# Task directions:
Write out the data exactly as given, dropping every picture.

# Supplied information:
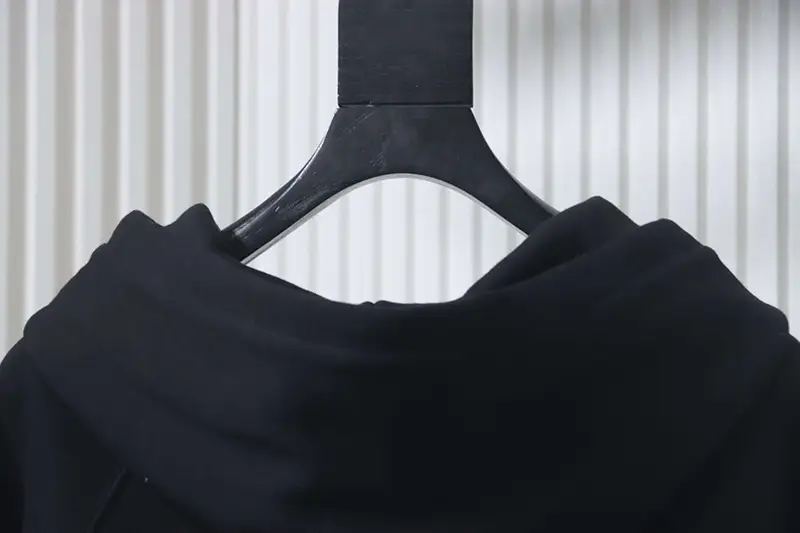 Neckline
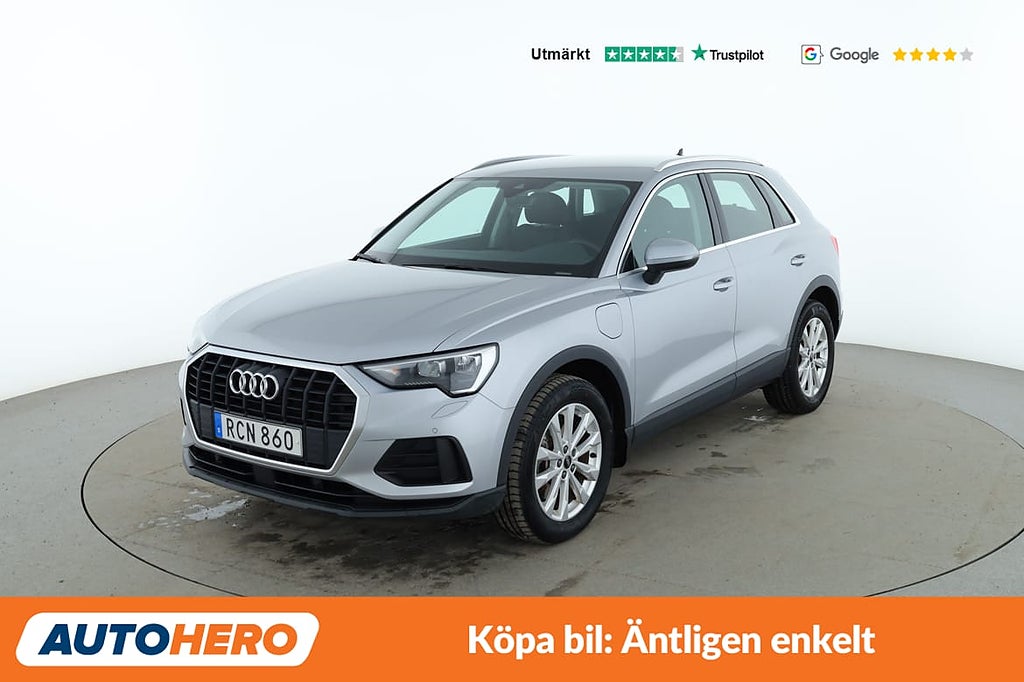Audi Q3 45 TFSI e / Dragkrok, CarPlay, PDC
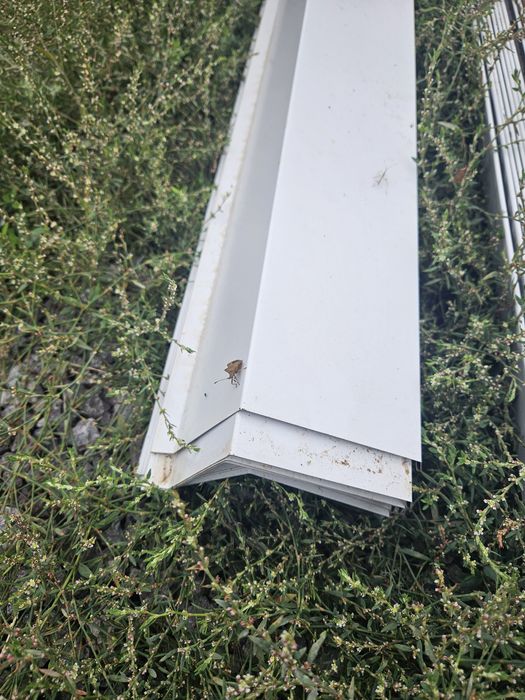 Уголок для крыши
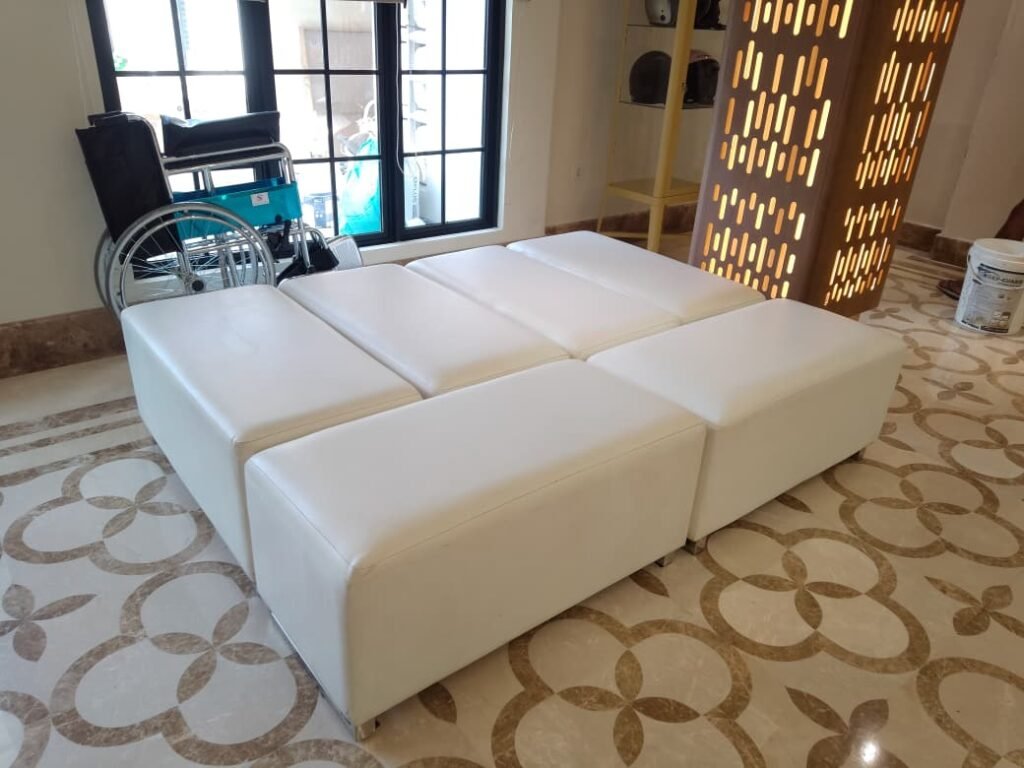 Sewa PUFF PUTIH dan KURSI CROSSBACK Bekasi (No.HP 085691604035 / 021-89090-221)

# Result:
 Neckline
Audi Q3 45 TFSI e / Dragkrok, CarPlay, PDC
 Уголок для крыши
 Sewa PUFF PUTIH dan KURSI CROSSBACK Bekasi (No.HP 085691604035 / 021-89090-221)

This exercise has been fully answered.